About this exercise ▸ Please reproduce the entire listing exactly.

Material shown ▸
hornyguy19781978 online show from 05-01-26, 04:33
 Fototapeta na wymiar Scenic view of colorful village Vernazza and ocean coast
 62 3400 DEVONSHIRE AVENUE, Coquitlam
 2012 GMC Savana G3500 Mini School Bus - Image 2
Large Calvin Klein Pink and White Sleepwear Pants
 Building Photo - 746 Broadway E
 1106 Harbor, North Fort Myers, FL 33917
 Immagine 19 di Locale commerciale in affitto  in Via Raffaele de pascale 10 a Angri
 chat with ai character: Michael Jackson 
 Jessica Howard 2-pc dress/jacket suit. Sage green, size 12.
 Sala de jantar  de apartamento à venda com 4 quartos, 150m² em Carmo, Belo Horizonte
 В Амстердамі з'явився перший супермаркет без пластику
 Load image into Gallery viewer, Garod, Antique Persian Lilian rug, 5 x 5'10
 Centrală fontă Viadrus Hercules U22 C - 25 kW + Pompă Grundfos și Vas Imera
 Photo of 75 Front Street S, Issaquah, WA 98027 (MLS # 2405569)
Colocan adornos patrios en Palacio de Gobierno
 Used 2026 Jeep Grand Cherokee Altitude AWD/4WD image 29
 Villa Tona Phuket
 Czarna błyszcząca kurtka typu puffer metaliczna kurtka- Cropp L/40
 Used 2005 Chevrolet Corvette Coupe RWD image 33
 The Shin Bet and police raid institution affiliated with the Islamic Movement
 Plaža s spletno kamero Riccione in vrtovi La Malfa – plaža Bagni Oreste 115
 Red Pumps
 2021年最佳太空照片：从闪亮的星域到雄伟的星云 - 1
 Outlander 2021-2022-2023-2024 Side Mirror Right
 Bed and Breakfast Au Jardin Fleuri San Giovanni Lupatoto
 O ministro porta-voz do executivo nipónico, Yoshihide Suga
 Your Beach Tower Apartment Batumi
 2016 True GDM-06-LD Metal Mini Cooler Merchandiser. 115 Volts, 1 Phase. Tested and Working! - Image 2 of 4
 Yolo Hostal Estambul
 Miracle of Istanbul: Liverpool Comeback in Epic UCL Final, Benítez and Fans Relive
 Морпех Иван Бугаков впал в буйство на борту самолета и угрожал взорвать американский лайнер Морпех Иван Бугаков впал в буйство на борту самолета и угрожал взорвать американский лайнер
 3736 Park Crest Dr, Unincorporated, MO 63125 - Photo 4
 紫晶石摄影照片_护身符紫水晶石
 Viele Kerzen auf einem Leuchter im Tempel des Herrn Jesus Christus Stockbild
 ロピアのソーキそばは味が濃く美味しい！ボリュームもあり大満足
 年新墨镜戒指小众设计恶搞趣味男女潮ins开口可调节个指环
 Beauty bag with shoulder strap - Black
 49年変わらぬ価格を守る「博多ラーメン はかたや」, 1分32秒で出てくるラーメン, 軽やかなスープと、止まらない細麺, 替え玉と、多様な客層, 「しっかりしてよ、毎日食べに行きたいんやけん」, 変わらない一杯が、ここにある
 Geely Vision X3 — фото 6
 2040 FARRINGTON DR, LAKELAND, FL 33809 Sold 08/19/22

Result for this exercise ▸
hornyguy19781978 online show from 05-01-26, 04:33
 Fototapeta na wymiar Scenic view of colorful village Vernazza and ocean coast
 62 3400 DEVONSHIRE AVENUE, Coquitlam
 2012 GMC Savana G3500 Mini School Bus - Image 2
Large Calvin Klein Pink and White Sleepwear Pants
 Building Photo - 746 Broadway E
 1106 Harbor, North Fort Myers, FL 33917
 Immagine 19 di Locale commerciale in affitto  in Via Raffaele de pascale 10 a Angri
 chat with ai character: Michael Jackson 
 Jessica Howard 2-pc dress/jacket suit. Sage green, size 12.
 Sala de jantar  de apartamento à venda com 4 quartos, 150m² em Carmo, Belo Horizonte
 В Амстердамі з'явився перший супермаркет без пластику
 Load image into Gallery viewer, Garod, Antique Persian Lilian rug, 5 x 5'10
 Centrală fontă Viadrus Hercules U22 C - 25 kW + Pompă Grundfos și Vas Imera
 Photo of 75 Front Street S, Issaquah, WA 98027 (MLS # 2405569)
Colocan adornos patrios en Palacio de Gobierno
 Used 2026 Jeep Grand Cherokee Altitude AWD/4WD image 29
 Villa Tona Phuket
 Czarna błyszcząca kurtka typu puffer metaliczna kurtka- Cropp L/40
 Used 2005 Chevrolet Corvette Coupe RWD image 33
 The Shin Bet and police raid institution affiliated with the Islamic Movement
 Plaža s spletno kamero Riccione in vrtovi La Malfa – plaža Bagni Oreste 115
 Red Pumps
 2021年最佳太空照片：从闪亮的星域到雄伟的星云 - 1
 Outlander 2021-2022-2023-2024 Side Mirror Right
 Bed and Breakfast Au Jardin Fleuri San Giovanni Lupatoto
 O ministro porta-voz do executivo nipónico, Yoshihide Suga
 Your Beach Tower Apartment Batumi
 2016 True GDM-06-LD Metal Mini Cooler Merchandiser. 115 Volts, 1 Phase. Tested and Working! - Image 2 of 4
 Yolo Hostal Estambul
 Miracle of Istanbul: Liverpool Comeback in Epic UCL Final, Benítez and Fans Relive
 Морпех Иван Бугаков впал в буйство на борту самолета и угрожал взорвать американский лайнер Морпех Иван Бугаков впал в буйство на борту самолета и угрожал взорвать американский лайнер
 3736 Park Crest Dr, Unincorporated, MO 63125 - Photo 4
 紫晶石摄影照片_护身符紫水晶石
 Viele Kerzen auf einem Leuchter im Tempel des Herrn Jesus Christus Stockbild
 ロピアのソーキそばは味が濃く美味しい！ボリュームもあり大満足
 年新墨镜戒指小众设计恶搞趣味男女潮ins开口可调节个指环
 Beauty bag with shoulder strap - Black
 49年変わらぬ価格を守る「博多ラーメン はかたや」, 1分32秒で出てくるラーメン, 軽やかなスープと、止まらない細麺, 替え玉と、多様な客層, 「しっかりしてよ、毎日食べに行きたいんやけん」, 変わらない一杯が、ここにある
 Geely Vision X3 — фото 6
 2040 FARRINGTON DR, LAKELAND, FL 33809 Sold 08/19/22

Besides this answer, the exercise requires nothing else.